It’s been a little quiet here on the blog, so let me share an update on where I am with Mars to Stay, my story game about the first Martians pursuing the dream of a colony on Mars.
For the online version of Mars to Stay, I used GoogleDocs to edit and share the text. While GoogleDocs isn’t as feature rich as MS Word, it’s great when you want to focus on the content and when you want to share the text with reviewer and play testers (don’t get me started on O365 and the web version of Word). This worked great to get the content as I want it, and it can do a decent job of formatting a pdf for print. Embedding images and controlling size and placement were also not too fiddly.

Let’s get it on Lulu
So with a pdf ready, from there to self publishing on Lulu should be an easy ride. Right? Well, then I got into the wonderful world of the EPUB format. While an EPUB file is basically just a zip file with a bunch of xhtml-files, there is of course a little bit more to it than that before you have a clean file that will pass the quality criteria required for publishing and distribution.
Lulu requires a file in EPUB format with meta data such as ISBN number set correctly. While Lulu offers a tool to create an EPUB file based on a MS Word docx file, I really didn’t feel like letting go of my Mac (or installing Word for Mac, enough said).
Generating EPUB format with GoogleDocs
GoogleDocs can export also to EPUB so I went down that path.
A text like Mars to Stay contains a lot of lists and tables, so besides the nice images I commissioned from Claudia, it took a lot of iterations to get an EPUB file that would also render decent just on the Macs default EPUB viewer. Sections that looked the same in GoogleDocs that absolutely didn’t in the EPUB viewer. While GoogleDocs has some support for managing style sheets, it has its shortcomings.
I was soon to discover one more: When I finally had a decent looking EPUB, I created a project on Lulu for Mars to Stay. Title, ISBN, author, description etc. were all checklist tasks. But when I uploaded the file, a check complained that title and ISBN in the EPUB meta data didn’t match with what I had entered. There is no way to set the meta data in GoogleDocs and have it included in the export.
So how about editing the generated file? It’s just zipped xhtml-files, right? Well, the generated EPUB file from GoogleDocs isn’t exactly humanly readable. Pages, the default word processing tool on Mac, allowed me to edit the meta data for title but not isbn.
Calibre to the rescue
Browsing the internets revealed two candidate EPUB editors for Macs, hidden behind a wall of “we will fix your EPUB format for you” promises (a warning sign that this would not be as easy as I hoped). After convincing Apple that these open source programs not appearing in the App Store is perfectly safe, I got one of them, Calibre, up and running and have now taken it for a spin on Mars to Stay.

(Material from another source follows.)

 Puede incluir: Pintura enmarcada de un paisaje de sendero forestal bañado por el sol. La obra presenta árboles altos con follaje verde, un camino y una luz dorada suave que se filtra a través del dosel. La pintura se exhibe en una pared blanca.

These are features I have found useful so far:
- Merge identical style definitions. It looks like GoogleDocs creates one instance of a style definition per instance in the document and they all have generated identifiers which makes it practically impossible to get to a consistent layout by editing the source. By merging duplicate entries, it’s still tedious but at least possible.
- Find broken links. Fixing them is also doable.
- Resize images. One of the formatting requirements on the publishing list is that embedded images are not too large (quite opposite from publishing for print).
- Edit meta data like isbn. Hey, this is what I came here for!
Other nice-to-have features I have found are Smarten punctuation, Word count including frequency, and the Table of Content editor. You can feel when software is created by someone who needed it to do the job themselves.




Back on track
So the project is back on track for a planned release any time soon. In the mean while, NASA’s Perseverance rover has sent images and sounds from Mars and the first flight on Mars is imminent.